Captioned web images

***

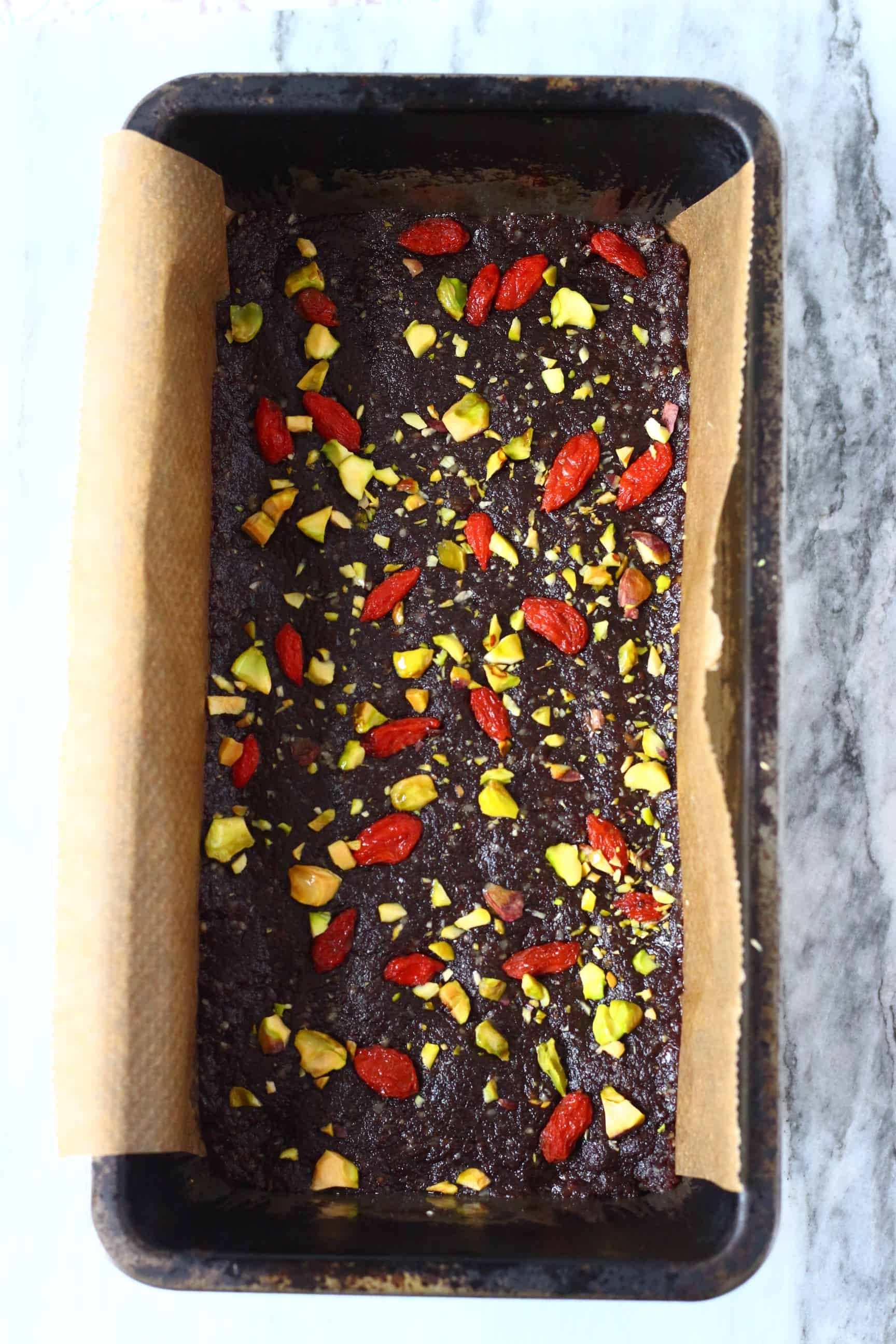 Chocolate no-bake vegan brownie mixture topped with goji berries and chopped pistachios in a loaf tin lined with baking paper
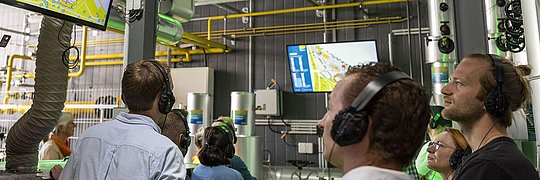  Personen sehen sich ein Video auf einem großen Bildschirm in einer Fabrik an.
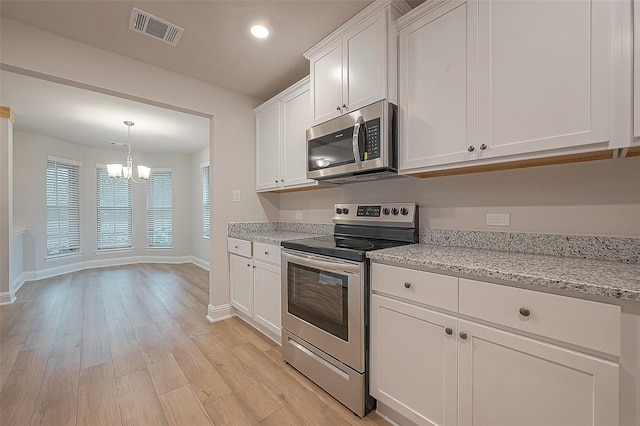 kitchen with white cabinets, stainless steel appliances, a notable chandelier, and light hardwood / wood-style floors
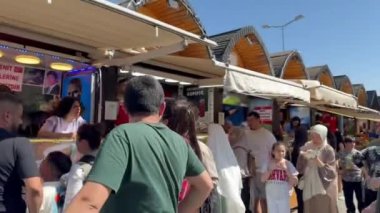 İstanbul, Türkiye - 14 Nisan 2024, Ramazan sonunda Dolmabahe Camii yakınlarındaki gıda pazarında halk şenlikleri. İnsanlar geleneksel Türk yemekleri satın alıyor.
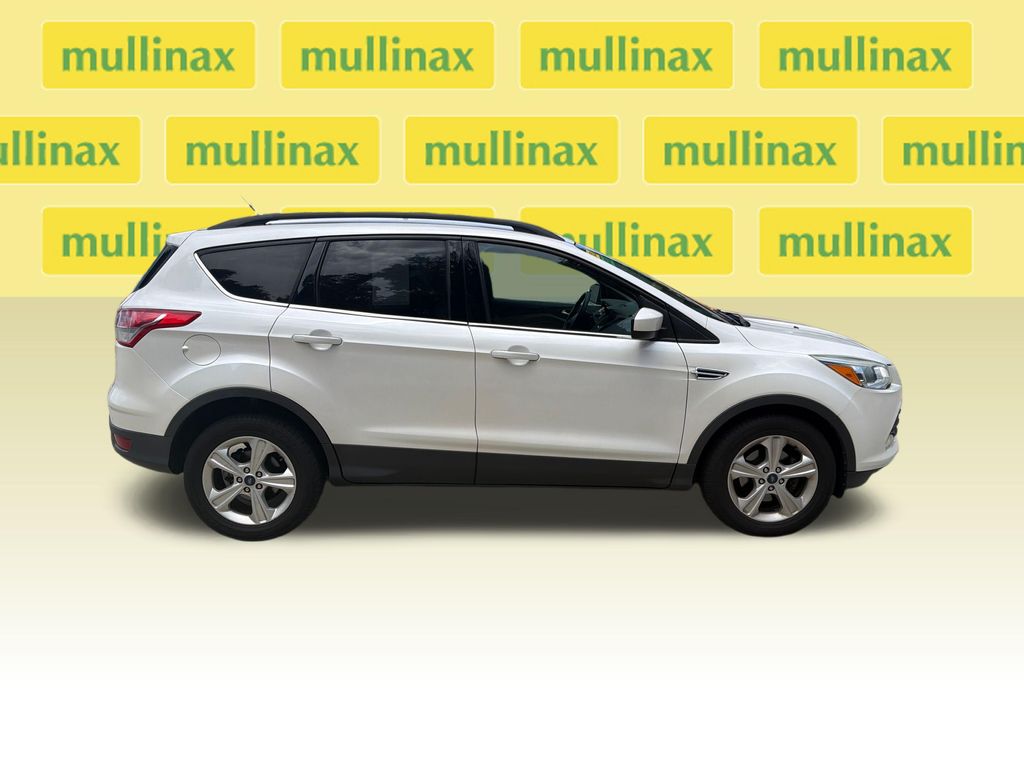 Used 2016 Ford Escape SE with VIN 1FMCU0GX7GUC50886 for sale in New Smyrna Beach, FL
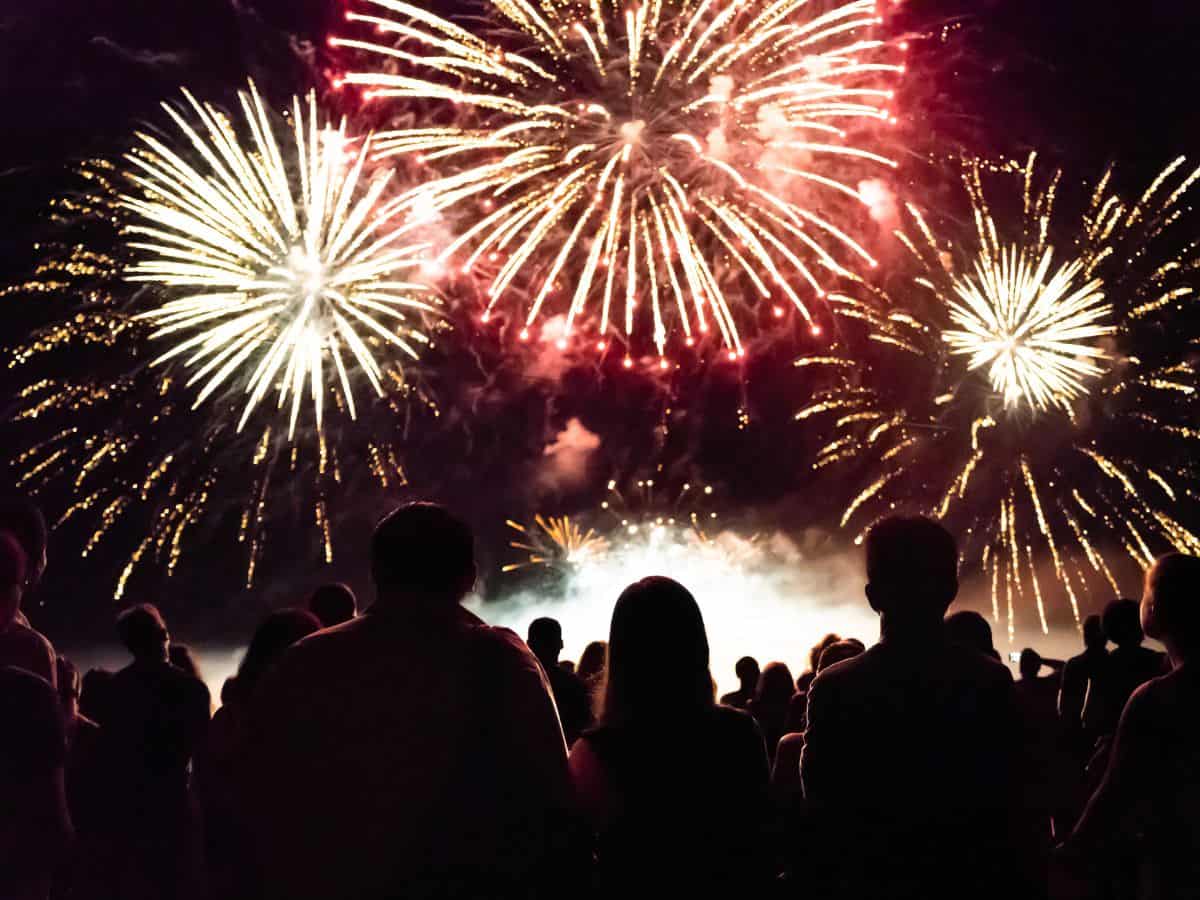 A crowd of people watch fireworks at night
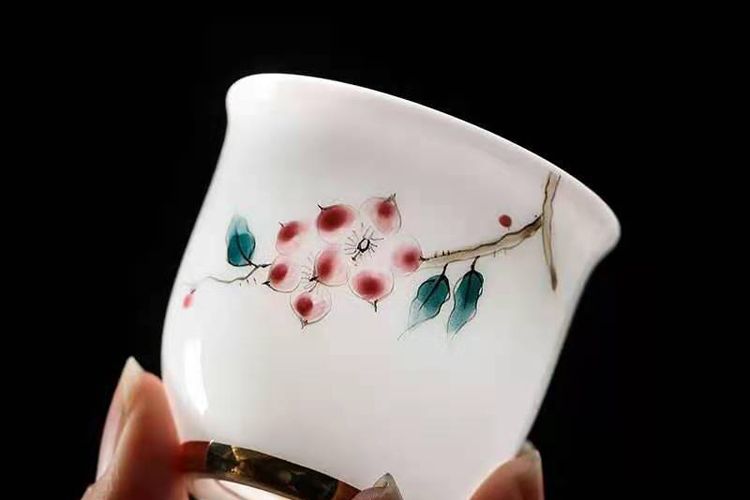 手持白瓷梅花杯(黑底特写)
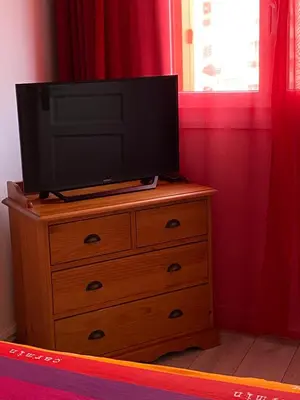 Télévision ou salle de divertissement dans l'établissement Joli appartement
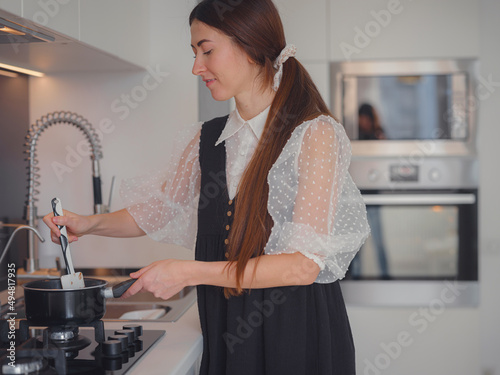 bakery, food and people concept. Beautiful woman cook chocolate cake with happy feeling in kitchen room. cooking chocolate meltng on stove photo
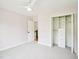 This bedroom has a ceiling fan and a closet with shelves and drawers at 305 Promontory Point Dr, Cary, NC 27513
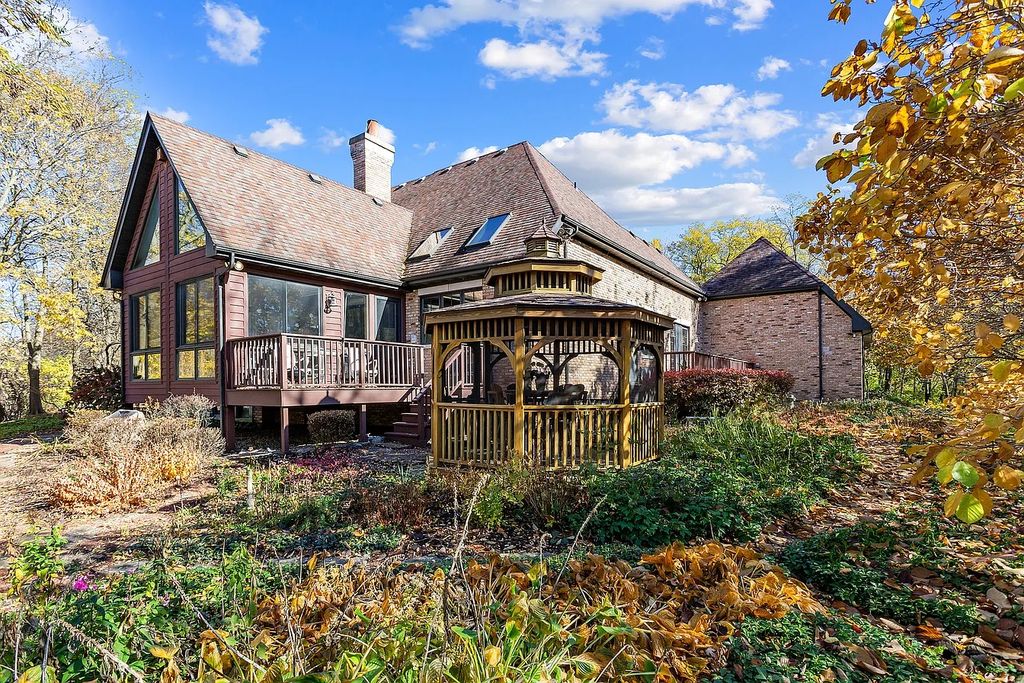 The Residence in Morris is surrounded by majestic, mature trees leading to your own private paradise, now available for sale. This home located at 4965 Cemetery Rd, Morris, Illinois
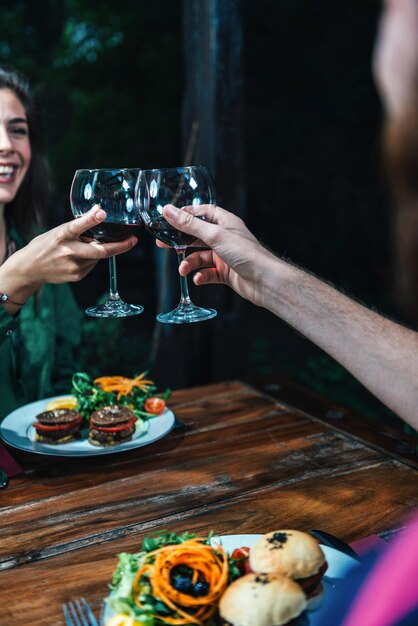 Mujer joven sonriendo y disfrutando de una cena vegetariana romántica servida en un restaurante brindando con vino rojo en una cita sentada en una mesa de madera con un traje verde colorido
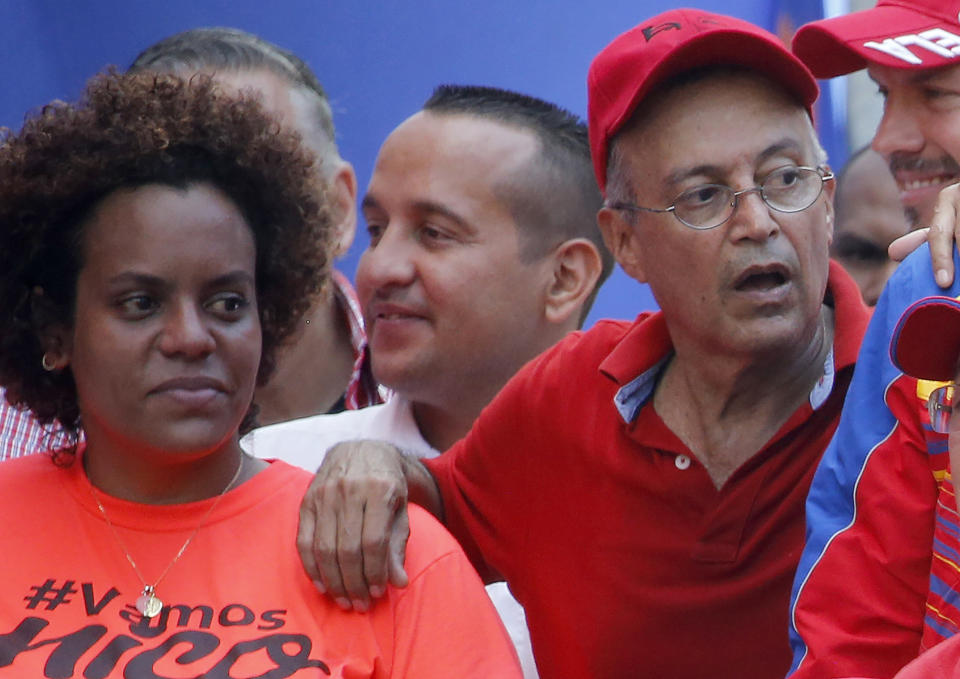 FILE - In this April 6, 2019 file photo, Luis Alfredo Motta Dominguez, right, attends a pro-government rally in Caracas, Venezuela. On Thursday, March 26, 2020, the U.S. Justice Department made public it has charged in several indictments against Venezuelan President Maduro and his inner circle, including Motta, that the leader has effectively converted Venezuela into a criminal enterprise at the service of drug traffickers and terrorist groups as he and his allies stole billions from the South American country. (AP Photo/Ariana Cubillos, File)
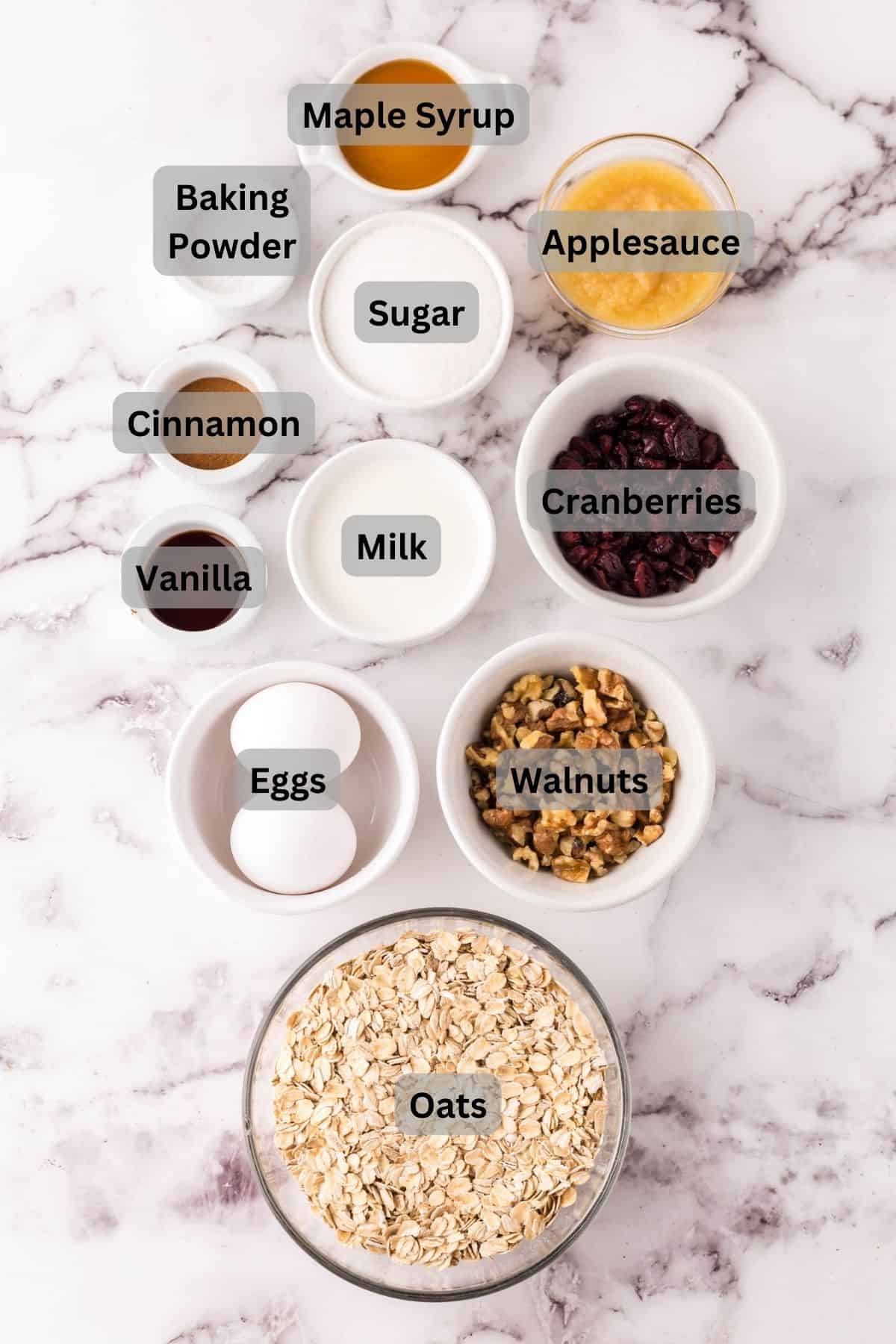 portion bowls each with digitally labeled raw ingredients to make Breakfast Bars Recipe.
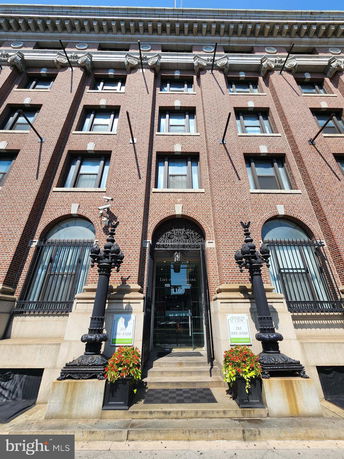 Front view of a multi-story brick building with decorative elements and entrance steps.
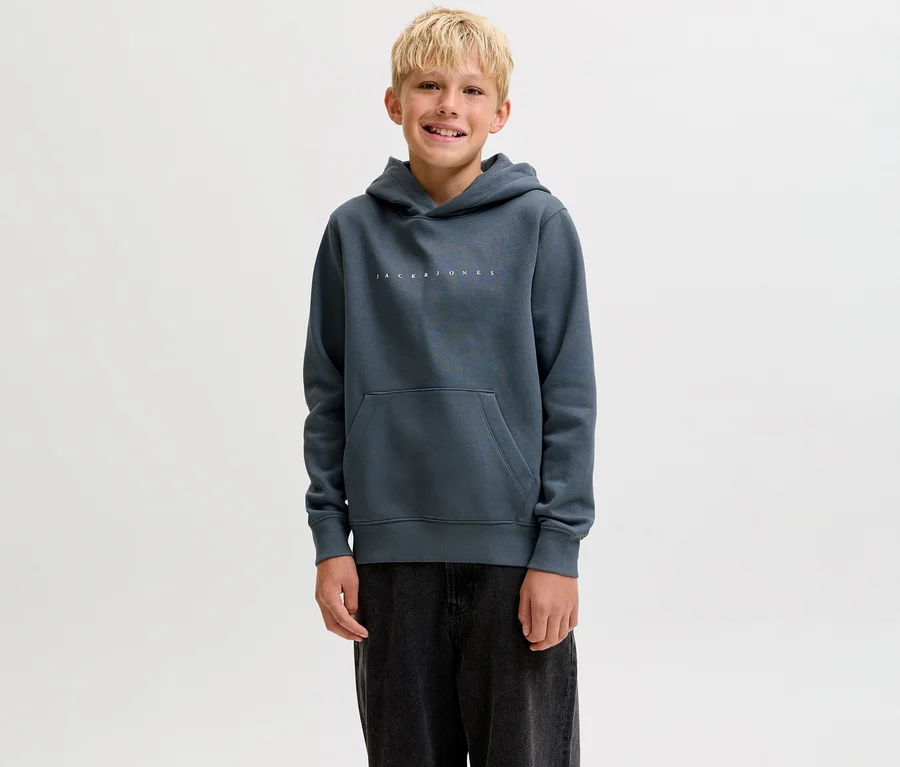 Jeune garçon souriant portant un sweat à capuche Jack&Jones Star gris foncé avec une poche kangourou et un pantalon foncé.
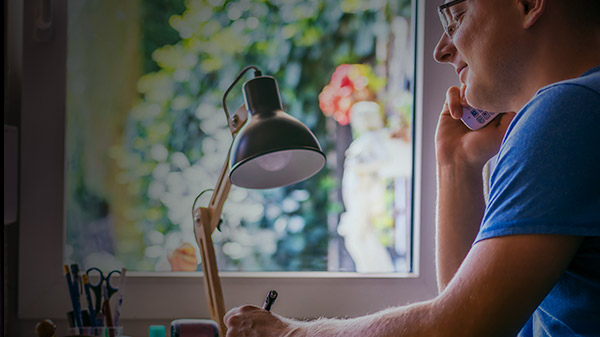 A man on the landline phone writing down information from an expert claims advisor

***

Restating the data word for word is the task, and pictures are to be omitted.

 Chocolate no-bake vegan brownie mixture topped with goji berries and chopped pistachios in a loaf tin lined with baking paper
  Personen sehen sich ein Video auf einem großen Bildschirm in einer Fabrik an.
 kitchen with white cabinets, stainless steel appliances, a notable chandelier, and light hardwood / wood-style floors
 İstanbul, Türkiye - 14 Nisan 2024, Ramazan sonunda Dolmabahe Camii yakınlarındaki gıda pazarında halk şenlikleri. İnsanlar geleneksel Türk yemekleri satın alıyor.
 Used 2016 Ford Escape SE with VIN 1FMCU0GX7GUC50886 for sale in New Smyrna Beach, FL
 A crowd of people watch fireworks at night
 手持白瓷梅花杯(黑底特写)
 Télévision ou salle de divertissement dans l'établissement Joli appartement
 bakery, food and people concept. Beautiful woman cook chocolate cake with happy feeling in kitchen room. cooking chocolate meltng on stove photo
 This bedroom has a ceiling fan and a closet with shelves and drawers at 305 Promontory Point Dr, Cary, NC 27513
 The Residence in Morris is surrounded by majestic, mature trees leading to your own private paradise, now available for sale. This home located at 4965 Cemetery Rd, Morris, Illinois
 Mujer joven sonriendo y disfrutando de una cena vegetariana romántica servida en un restaurante brindando con vino rojo en una cita sentada en una mesa de madera con un traje verde colorido
 FILE - In this April 6, 2019 file photo, Luis Alfredo Motta Dominguez, right, attends a pro-government rally in Caracas, Venezuela. On Thursday, March 26, 2020, the U.S. Justice Department made public it has charged in several indictments against Venezuelan President Maduro and his inner circle, including Motta, that the leader has effectively converted Venezuela into a criminal enterprise at the service of drug traffickers and terrorist groups as he and his allies stole billions from the South American country. (AP Photo/Ariana Cubillos, File)
 portion bowls each with digitally labeled raw ingredients to make Breakfast Bars Recipe.
 Front view of a multi-story brick building with decorative elements and entrance steps.
 Jeune garçon souriant portant un sweat à capuche Jack&Jones Star gris foncé avec une poche kangourou et un pantalon foncé.
 A man on the landline phone writing down information from an expert claims advisor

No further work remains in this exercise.